### Problem details
Given these entries, repeat exactly the lines starting with the one that has "Reloj Viceroy 401135-97" and going on through the one that has "Photo 12 of", both included, but none of the pictures.
[Opening Data records section]
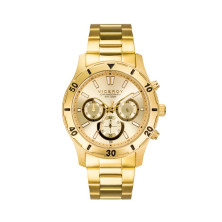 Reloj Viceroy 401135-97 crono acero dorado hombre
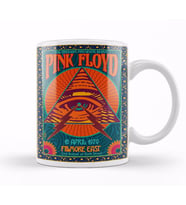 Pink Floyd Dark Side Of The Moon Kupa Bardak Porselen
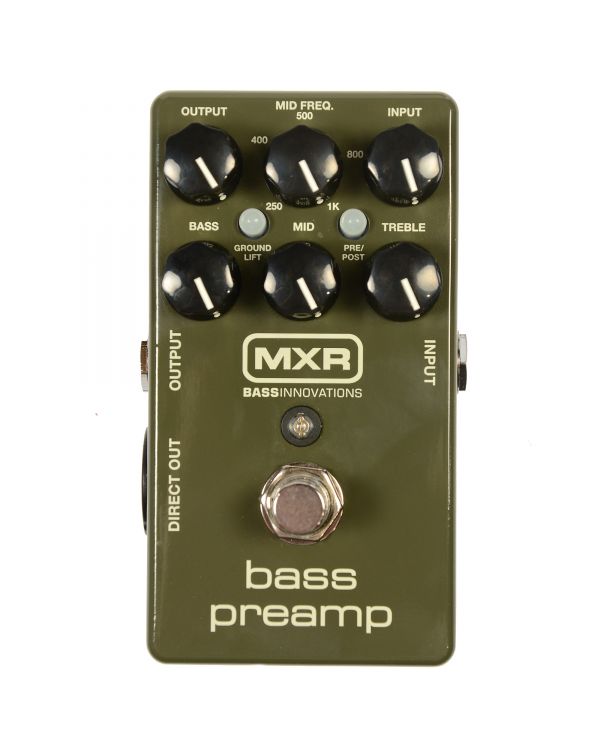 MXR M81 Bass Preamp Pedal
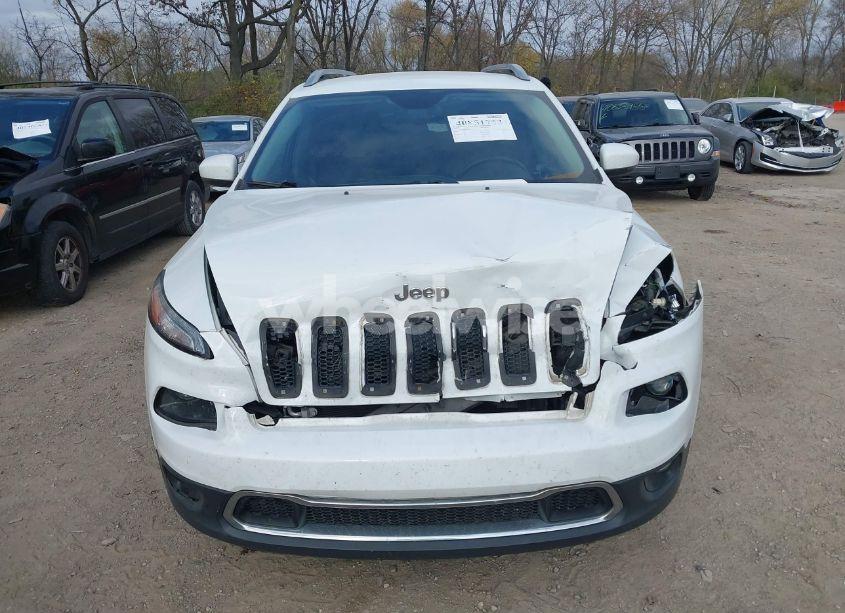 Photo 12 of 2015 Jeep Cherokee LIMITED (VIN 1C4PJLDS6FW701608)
[Closing Data records section]
[Opening Data records section]
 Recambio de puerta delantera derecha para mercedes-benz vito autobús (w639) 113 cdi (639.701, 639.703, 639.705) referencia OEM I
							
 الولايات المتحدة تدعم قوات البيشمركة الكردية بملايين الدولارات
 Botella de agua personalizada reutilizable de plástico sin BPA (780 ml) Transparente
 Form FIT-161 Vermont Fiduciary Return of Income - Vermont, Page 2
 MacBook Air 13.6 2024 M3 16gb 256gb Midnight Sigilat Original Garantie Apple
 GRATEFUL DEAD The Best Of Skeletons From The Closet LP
[Closing Data records section]
[Opening Data records section]
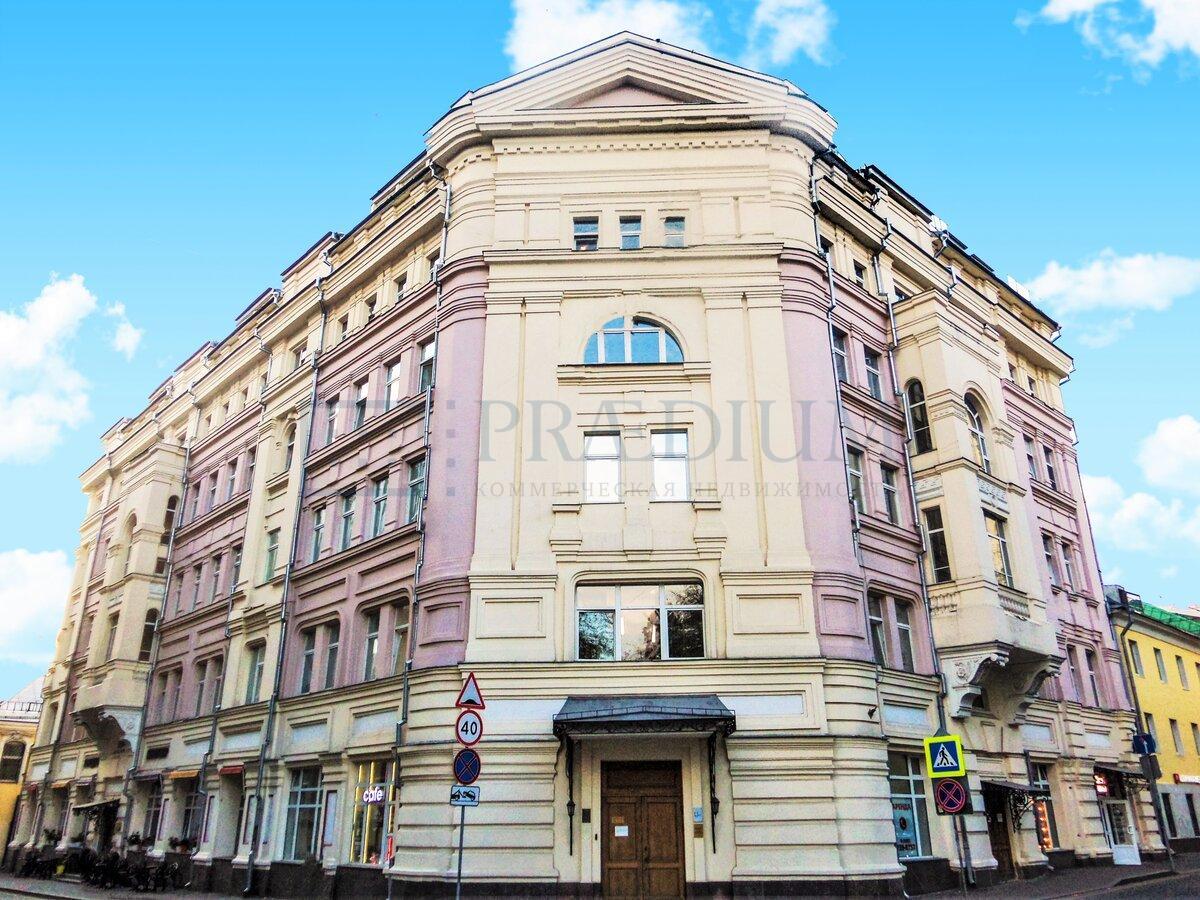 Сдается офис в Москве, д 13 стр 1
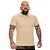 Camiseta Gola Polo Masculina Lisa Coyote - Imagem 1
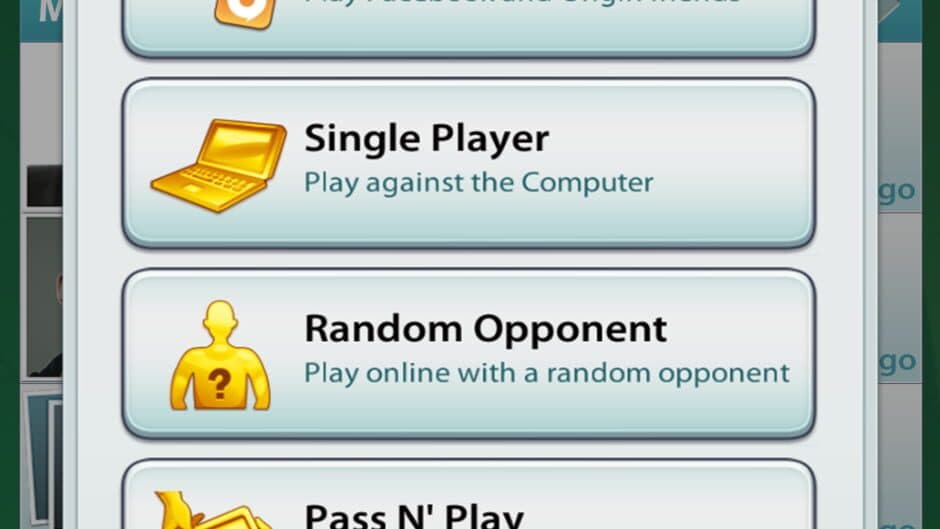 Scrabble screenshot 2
[Closing Data records section]
### Answer area
 Reloj Viceroy 401135-97 crono acero dorado hombre
 Pink Floyd Dark Side Of The Moon Kupa Bardak Porselen
 MXR M81 Bass Preamp Pedal
 Photo 12 of 2015 Jeep Cherokee LIMITED (VIN 1C4PJLDS6FW701608)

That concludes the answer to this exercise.